As she sits curled beneath the sleeping branches of a tree near the largest, most ornate of the wooden doors, a heavy brown leaf somersaults into her temple and falls to the ground near her fingertips. Her shaking hands trace the edges of the leaf as though it's made of soft denim, and she rises to return inside. It is too cold, she knows, to be outside and so insufficiently guarded against it. Inside, she walks calmly, though less steadily than usual, to the edge of the stone fountain around which she has built this world. She takes paper from the surface of the water, and she presses the leaf into it, letting one become the other's decoration. Stars shine so brightly they seem to be inches from every window, prepared to fly into her eyes if she asks to see light.
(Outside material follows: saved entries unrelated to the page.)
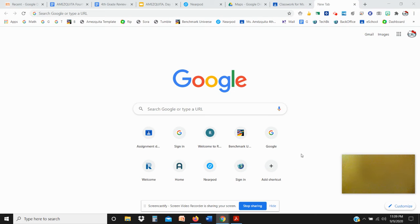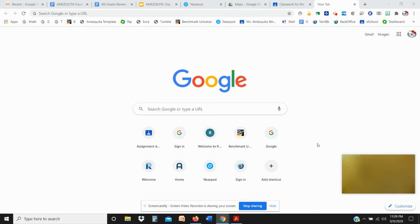Ms. Mesquita here. I'm here to show you and remind you how to access your daily sites to find Benchmark, Sora, any of the programs that we use.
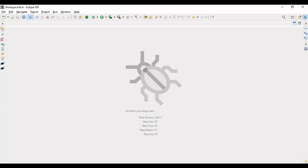Hi everyone, hope that you all are doing well. Here we are with the introduction of Spring AI. Basically Spring has integrated with various LLMs to enable various tasks through Spring applications. Today we will discuss and write a small application using Spring AI.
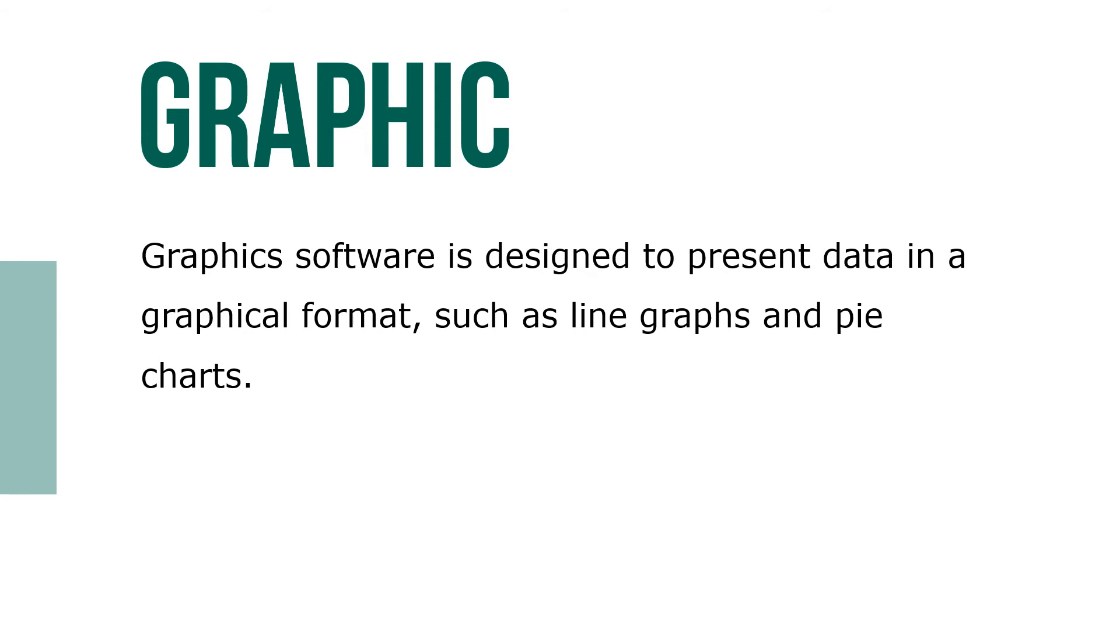Graphic software is designed to present data in graphical format, such as line graphs and pie charts.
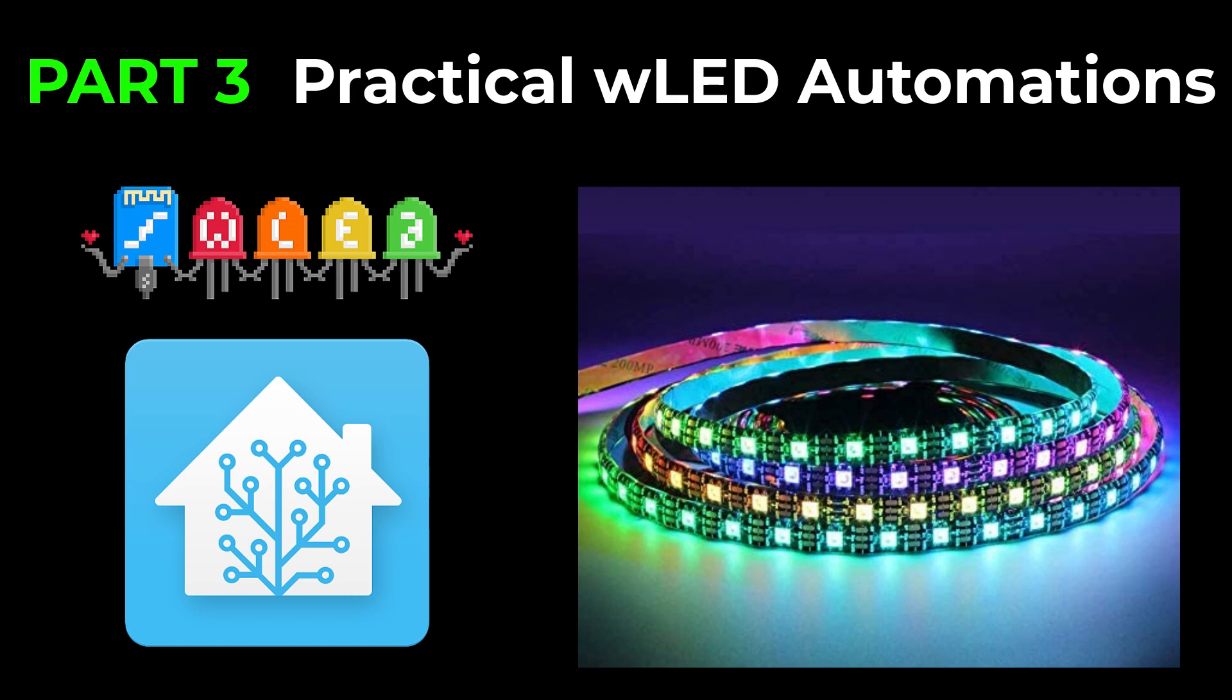What we're going to do here is do some practical automations that are actually somewhat useful and I hope somebody finds this good.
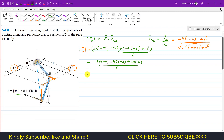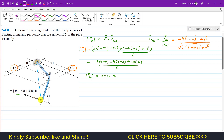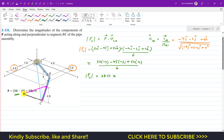This calculation gives us 28.33. So the magnitude of the component of force F parallel to the BC segment of the pipe is 28.33 pounds. If we draw these components, the component parallel to BC and the component perpendicular to BC reach the head of the F vector, with the perpendicular component making a 90-degree angle with the BC segment.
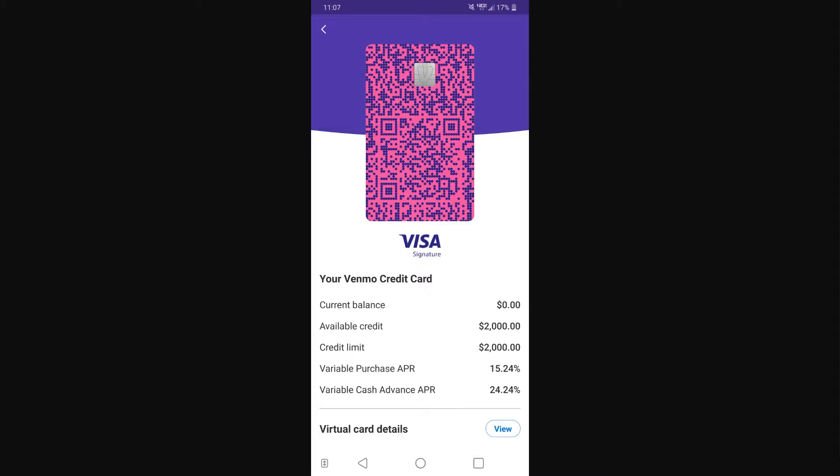The only way we're going to be able to find our card number is to first click onto the Venmo app. Once you've done that, go to the section where you can see all the different cards that you have, and then click on whichever card you want to find the card details for.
She writes:
1. tracing fingers over that nose, against those eyelashes, pressed against those lips, memorizing by touch
2. warm tea in a cup around which have twined all ten fingers
3. looping words like orange peel, ribbon, and kiss into the imagined flying of tomorrow
4. soft hair splayed over the pillow
5. closing eyes that can still see those things which will never touch again.
The night before, she closed the door to the crimson room. It fell shut with a knowing shhh of tapestries and dark-colored wood, and though she could not see inside, she knew the stone basin filled with shining, clear liquid. It glimmers, ripples, waves, salts the sides of the basin, and reflects the images she cannot see today.